Choosing the right Kling model
Kling 3.0 ships four models. Here's when to use each:
- Kling Video 3.0 — Best for most video generation tasks. Fastest, highest quality video without audio.
- Kling Video 3.0 Omni — When you need synchronized audio (voices, music, SFX) built into the video.
- Kling Image 3.0 — For photorealistic still images, or when you want reference frames for video.
- Kling Image 3.0 Omni — For complex image prompts with text, branding, or cross-modal inputs.
Writing effective prompts
The quality of your Kling output depends significantly on your prompt. Here's a framework:
- Subject: Who or what is in the scene? ("A lone astronaut")
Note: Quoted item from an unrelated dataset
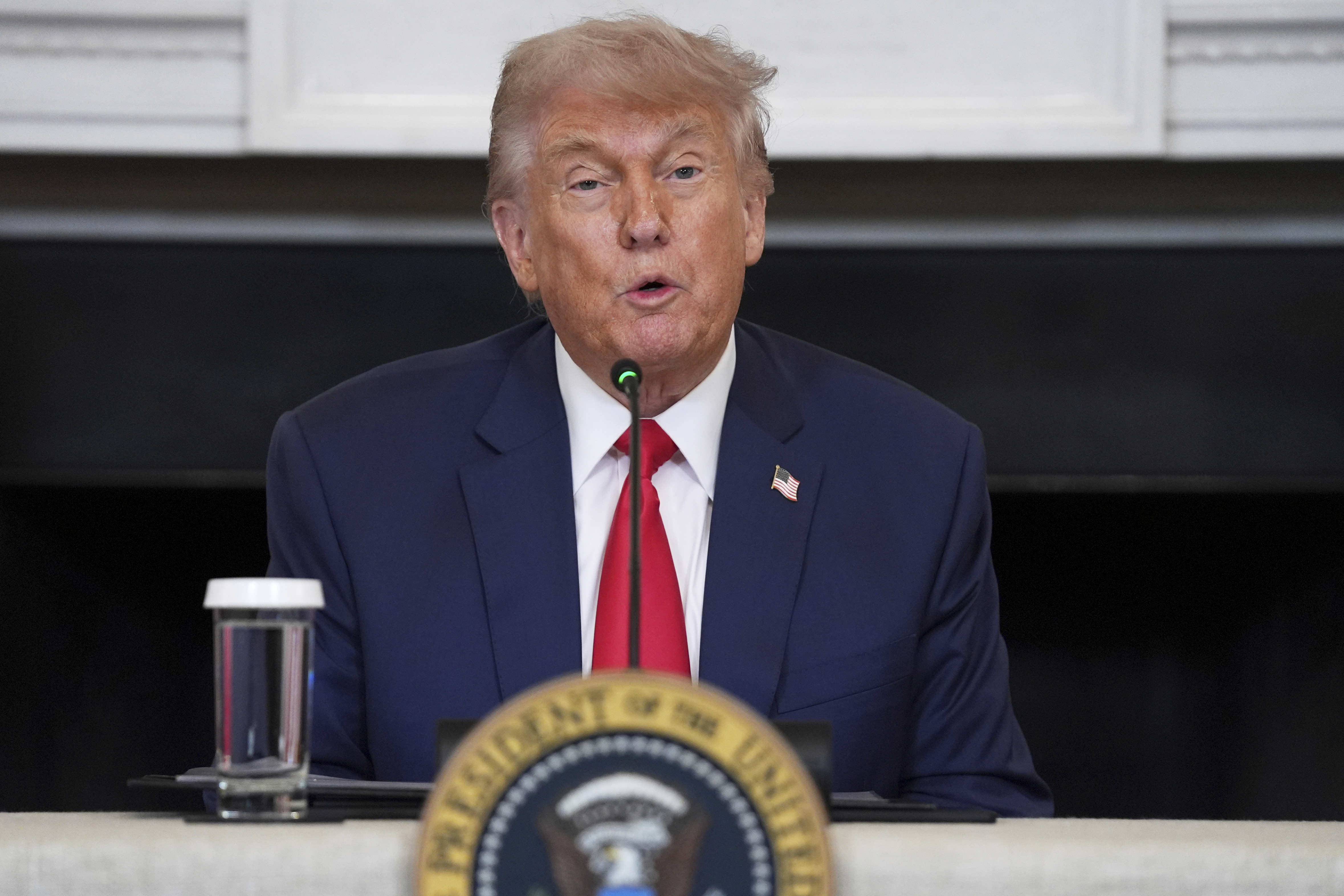 President Donald Trump speaks during an "Invest in America" roundtable with business leaders at the White House, Monday, June 9, 2025, in Washington. (AP Photo/Evan Vucci)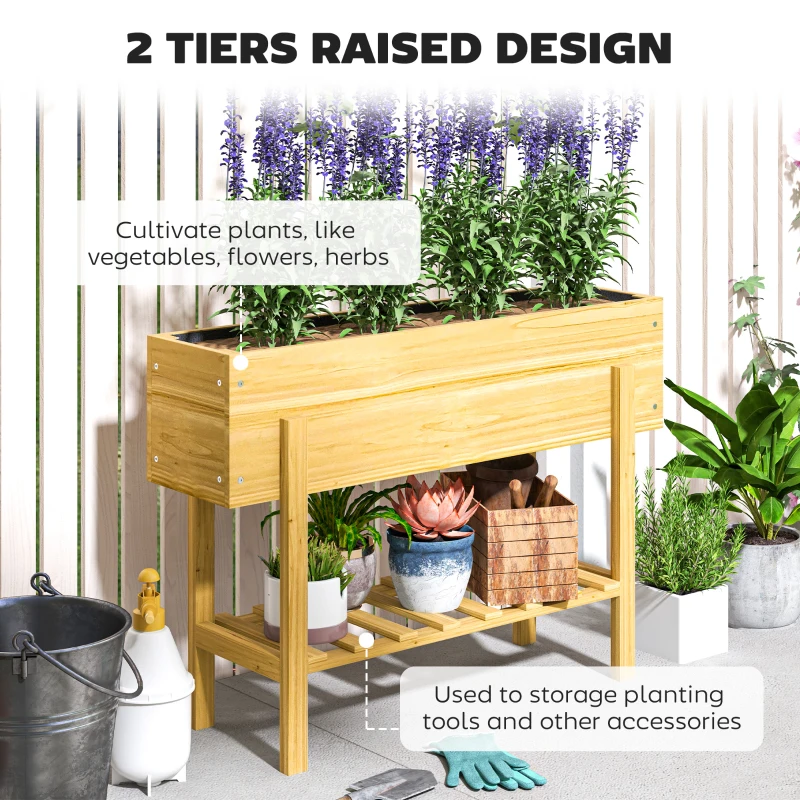 Best Wooden Raised Garden Bed, Elevated Planter Box with Bed Liner, Drainage Holes and Storage Shelf, Raised Planter for Vegetables, Flowers, Herbs, 100 x 30 x 71 cm, Natural Wood Finish - Image 4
- Action: What are they doing? ("walking slowly across red sand")
- Setting: Where? Time of day? ("alien desert planet, twin suns setting")
- Style: Visual aesthetic? ("cinematic 4K, dust particles in air, epic wide shot")
- Camera: Shot type and movement? ("slow push in, shallow depth of field")
- Duration hint: Pacing? ("contemplative, unhurried")
Example of a weak prompt:
"astronaut on Mars"
Example of a strong prompt:
"A lone astronaut in a worn white suit walks slowly across a vast red Martian desert at sunset. Twin suns dip below the horizon, casting long amber shadows. Dust particles drift past the visor. Cinematic 4K, wide shot, slow dolly forward, dramatic music swells."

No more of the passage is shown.